Compare the scores from the pretrained and fine-tuned models. Significant improvements in these metrics indicate that the fine-tuning process has enhanced the model’s ability to generate semantically similar and high-quality text. ( In the cosine method we have also added a comparaison with the reference text from the training dataset )

from sklearn.feature_extraction.text import CountVectorizer
import pandas as pd
from sklearn.metrics.pairwise import cosine_similarity

dataset_output = "To calibrate a pressure gauge, first ensure the gauge is disconnected from any pressure source. Connect the gauge to a known, accurate pressure source or a calibrator. Apply pressure in increments and compare the gauge reading with the known pressure. Adjust the gauge calibration screw to correct any discrepancies. Repeat the process to ensure accuracy. Document the calibration in the maintenance log."


input_sentences = tokenizer("How to calibrate a pressure gauge?", return_tensors="pt").to('cuda')

# Generate output using the original pretrained model
foundational_outputs_sentence = get_outputs(loaded_model, input_sentences, max_new_tokens=50)
pretrained_output = tokenizer.batch_decode(foundational_outputs_sentence, skip_special_tokens=True)[0]

# Generate output using the finetuned model
foundational_outputs_sentence_finetuned = get_outputs(foundation_model, input_sentences, max_new_tokens=50)
finetuned_output = tokenizer.batch_decode(foundational_outputs_sentence_finetuned, skip_special_tokens=True)[0]

# Prepare the documents for vectorization
documents = [pretrained_output, finetuned_output,dataset_output]

# Initialize the CountVectorizer
count_vectorizer = CountVectorizer(stop_words="english")
sparse_matrix = count_vectorizer.fit_transform(documents)

# Convert the sparse matrix to a dense matrix
doc_term_matrix = sparse_matrix.todense()

# Create a DataFrame from the dense matrix
df = pd.DataFrame(
   doc_term_matrix,
   columns=count_vectorizer.get_feature_names_out(),
   index=["pretrained_output", "finetuned_output","dataset_output"]
)

# Print the DataFrame
print("pretrained_output"+ pretrained_output +"\n"  , "finetuned_output" + finetuned_output +"\n" ,"dataset_output"+ dataset_output)

# Calculate and print the cosine similarity
cosine_sim = cosine_similarity(df, df)
print(cosine_sim)

The output is as follows:

Alternative text for the image

The cosine similarity matrix indicates the following:

  • pretrained_output vs. finetuned_output: Cosine similarity is 0.5876, indicating moderate similarity between outputs from the pretrained model and the finetuned model.

  • pretrained_output vs.dataset_output: Cosine similarity is 0.4463, suggesting a lower similarity between outputs from the pretrained model and the dataset answers.

  • finetuned_output vs. dataset_output: Cosine similarity is 0.5455, showing moderate similarity between outputs from the finetuned model and the dataset answers.

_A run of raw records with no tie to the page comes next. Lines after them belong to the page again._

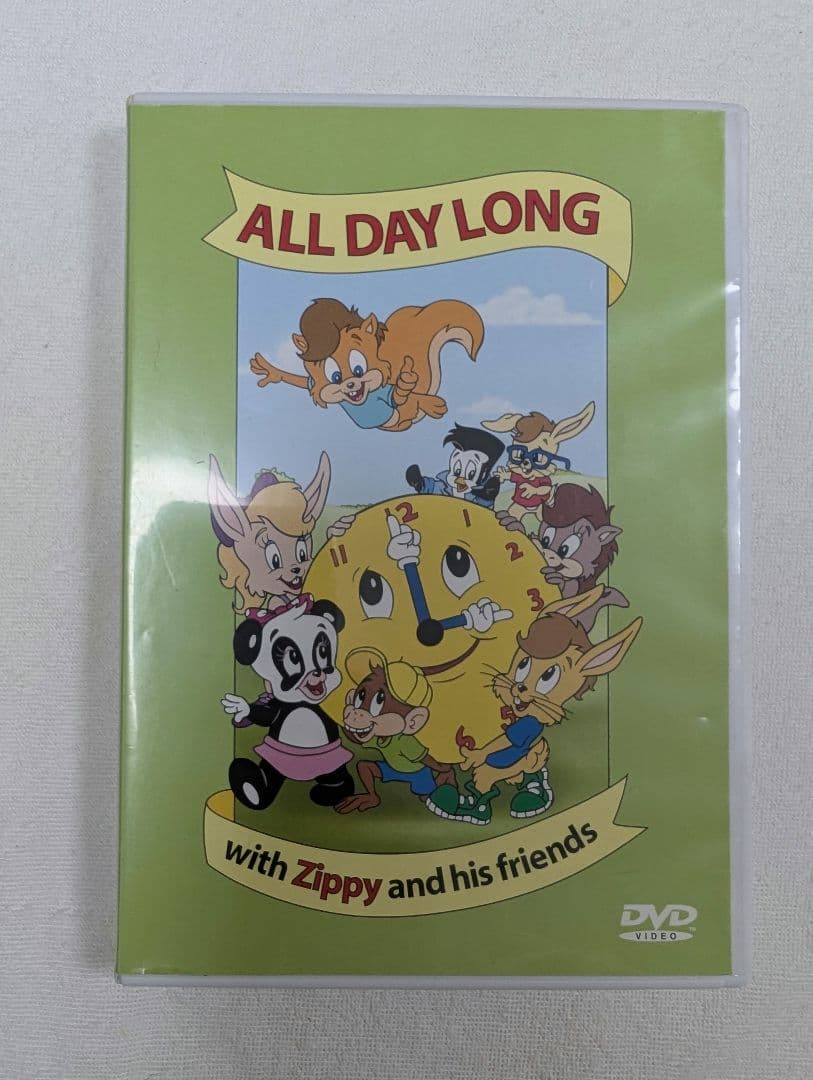 DWE zippy DVD12巻　ディズニー英語　　ジッピー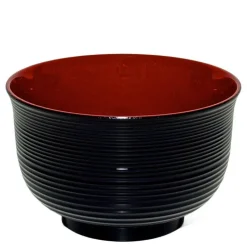 MIYA Company Lacquered Soup Bowl Clearance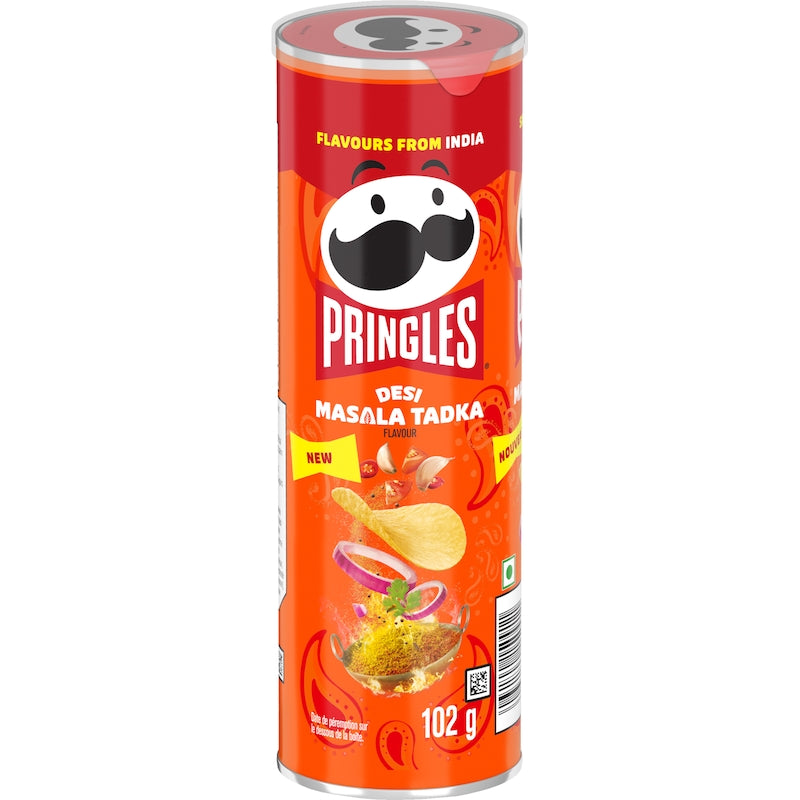 Pringles, Desi Masala Tadka, 102g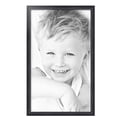 thumbnail image 2 of ArtToFrames 19" x 32" Galleria Noir Picture Frame, 19x32 inch Black MDF Poster Frame (WOM-4083),  Pack, 2 of 8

These results suggest that the fine-tuned LLM has diverged significantly from both the pretrained LLM and the dataset answer, indicating that the fine-tuning process has not aligned the model closely with the expected dataset answers. Further refinement may be needed to improve alignment.

In practice, human evaluation plays a crucial role in assessing the quality of the model’s outputs. Humans can judge nuances, context, and appropriateness of responses in ways that metrics cannot fully capture.

This highlights the necessity of combining human evaluation with quantitative metrics to ensure a comprehensive assessment of the fine-tuning process. Human evaluators can provide insights into the correctness, relevance, and coherence of the generated text, ensuring that the fine-tuned model truly meets the desired standards.